No dia 9 de fevereiro de 2005, entrava em vigor a nova Lei de Falências e Recuperação de Empresas, que “regula a recuperação judicial, a extrajudicial e a falência do empresário e da sociedade empresária”, o que fez com que a atuação da hermenêutica na construção dos novos parâmetros jurídicos estatais para as empresas, seja buscando a recuperação ou a decretação da falência. Busca-se analisar os problemas de natureza hermenêutica suscitados pela legislação atual, frente ao problema apresentado, inclusive em comparação e confrontação com o Decreto-Lei n. 7.661/45, para se apurar avanços, manutenção e criação de novas dificuldades de interpretação/aplicação do texto normativo ao caso concreto.

1.1  IDENTIFICAÇÃO DOS PROTAGONISTAS

João Feitosa: é morador de Belo Horizonte/MG e adquiriu um conjunto de maquinário para confeccionar tecidos e vestuário, realizado em hasta pública durante o processo de Recuperação Judicial de uma grande empresa nacional. Porém, João recebeu uma determinação de constrição judicial que previa a futura alienação do bem para satisfazer créditos de natureza trabalhista relativos ao alienante do maquinário.

Empresa em processo de Recuperação Judicial: O seu contrato social dispõe que a sede estatuária se localiza na cidade de Rio Branco/AC, enquanto o seu principal parque fabril se encontra em Bacabal/MA, ainda que as principais deliberações ocorram na cidade do Rio de Janeiro/RJ, que é onde se encontra o conselho deliberativo e os órgãos de gestão e direção desta empresa.

1.2  IDENTIFICAÇÃO DO PROBLEMA

O primeiro problema a ser investigado é relativo aos ônus e à sucessão do arrematante João Feitosa nas obrigações do devedor, quando da aquisição de bens provenientes de processos de recuperação judicial ou de processo falimentar. Há diferenças nessas duas situações? Quais as interpretações possíveis com relação a essa temática, inclusive sob o aspecto linguístico? Como os tribunais têm se posicionado sobre esse tema?
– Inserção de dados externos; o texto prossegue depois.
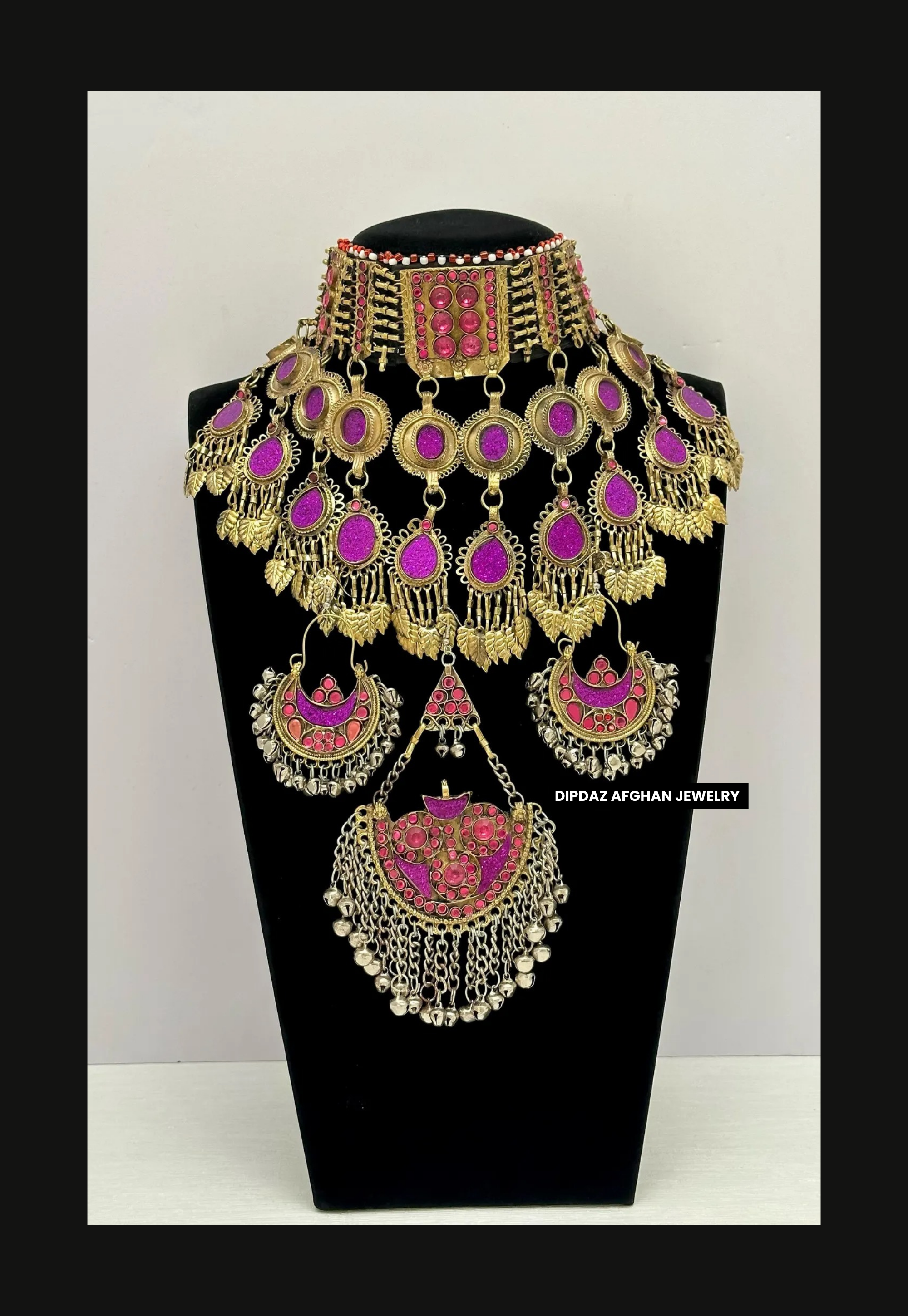 Handmade Afghan Jewelry | Traditional Ethnic Jewelry with Intricate Embroidery and Gemstones | Afghan Tribal Necklace, Earrings, and Bracelets | Unique Cultural Accessories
Quanto à abrangência da expressão "principal estabelecimento", constante do art. 3º da Lei n.º11.101/05, fundamental para a definição do juízo competente para processamento e julgamento dos pedidos de recuperação judicial: Caso a empresa em crise venha a ter seu processo de recuperação judicial convolado em falência, e os bens adquiridos por João Feitosa venham a ser arrecadados pela massa falida, qual seria o foro competente para julgamento do feito? Quais os sentidos apresentados pela doutrina para a referida expressão e consequentes efeitos práticos da adoção de cada um? Como os tribunais vêm se posicionando a respeito desse tema?

A questão central do caso: É possível identificar algum referencial teleológico/axiológico capaz de vincular algumas das respostas apresentadas aos temas de investigação acima propostos? Qual é esse referencial e o seu fundamento?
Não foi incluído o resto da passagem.